For manufacturers, the use of artificial intelligence (AI) is all about the data. Inexpensive sensor technology and widely available connectivity on the shop floor have created a flood of product and process data.
So, what data is the most critical, and where to begin? Is it technology in search of a problem or are there tangible business benefits for manufacturers?
A 2020 study on digital transformation by the American Society of Mechanical Engineers (ASME) found that 96 percent of manufacturers see digital transformation (including AI) as revolutionary technology in improving competitive advantage, but 46 percent say their organization is just keeping up or lagging in technology implementation.
AI and machine learning (ML) have tremendous impact because of the ability to predict when specific events will occur, and to allow for optimal time between capital expenditures, maintenance, and product inspections. AI can increase manufacturing productivity and performance, improve quality, accelerate product development cycles, and increase safety.
“In addition to having faster production times, the ability to use AI and ML in historical data sets to predict patterns of production costs by reducing errors, post-processing and material processing time yields a real-time control over the fabrication process,” said Dima Elissa, CEO and founder of VisMed3D, a global Healthcare TechnologyTM research and consultancy firm based in Chicago.
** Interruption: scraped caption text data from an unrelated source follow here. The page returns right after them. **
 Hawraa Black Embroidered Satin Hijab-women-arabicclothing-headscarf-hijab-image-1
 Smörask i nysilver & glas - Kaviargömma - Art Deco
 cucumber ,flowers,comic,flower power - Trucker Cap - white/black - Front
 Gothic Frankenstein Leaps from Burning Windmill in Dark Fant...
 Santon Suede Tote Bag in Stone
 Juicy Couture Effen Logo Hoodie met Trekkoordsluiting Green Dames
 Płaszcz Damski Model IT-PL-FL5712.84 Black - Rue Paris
AI is moving manufacturing operations from a reactive world to a more proactive and predictive reality. Predictive maintenance is a key advantage of AI — allowing manufacturers to balance their equipment cost, performance, and risk with data-driven decisions. Data analytics combine historical and real-time data to reveal previously unknown patterns and processes. Imagine a time when it is commonplace for a shop floor supervisor to report, “The robots called, they replaced the tooling and we’re back online.”
Machine reliability and wear can vary greatly depending upon the process used, how quickly a part is machined, the hardness of the material, inherent vibrations, temperatures, and more. Often the same type of machine can wear differently. AI for predictive maintenance allows real-time machine data gathered by sensors and data analytics to accurately predict exactly when machines need maintenance versus performing regular preventive maintenance or experiencing breakdowns that hamper productivity. Data can confirm common drivers of downtime and in some cases, the machines can repair or reset themselves remotely, as needed.
Quality data is ubiquitous in manufacturing, and products can be easily inspected via non-destructive evaluation techniques including machine vision, CT scans, 3D scanning, coordinate measurement and more. Product data is abundant, and it can be challenging to understand where the greatest improvement opportunities lie.
AI provides data insights via predictive analytics that can identify defects before a product leaves the factory, and machine learning can correct the defect or reject the flawed item automatically. This “as-built” data is fed back into the manufacturing process to drive overall improvements in real time and improve AI accuracy.
And amid the recent pandemic’s disruption of production and supply chains, data-driven manufacturing organizations have increased their competitive edge, so the need to implement these advanced technologies is more urgent than ever.
In fact, ASME is working to spread the word about AI and other advanced digital technologies by convening engineers with data scientists and other experts in a series of upcoming events. One such event is The Digital Twin Summit, to be held virtually in spring of 2021, which will feature experts sharing success stories of how digital transformation has accelerated product development, improved product quality and reduced operation and maintenance costs on the manufacturing floor.
Given this rapidly changing landscape of manufacturing, ASME recognizes the need for up-and-coming engineers to understand how AI will impact their day-to-day jobs and career opportunities. Ashley Huderson, Ph.D., ASME director of engineering education and outreach, said her team works with mechanical engineering department heads at universities across the United States to “keep them updated and abreast of the latest innovations and research on engineering education, helping to drive and innovate curricula.” Huderson encourages engineering students to “be flexible but intentional with their academic career. Being flexible will allow them to see the interdisciplinary nature of AI with other subjects, embrace it, and help innovate it.”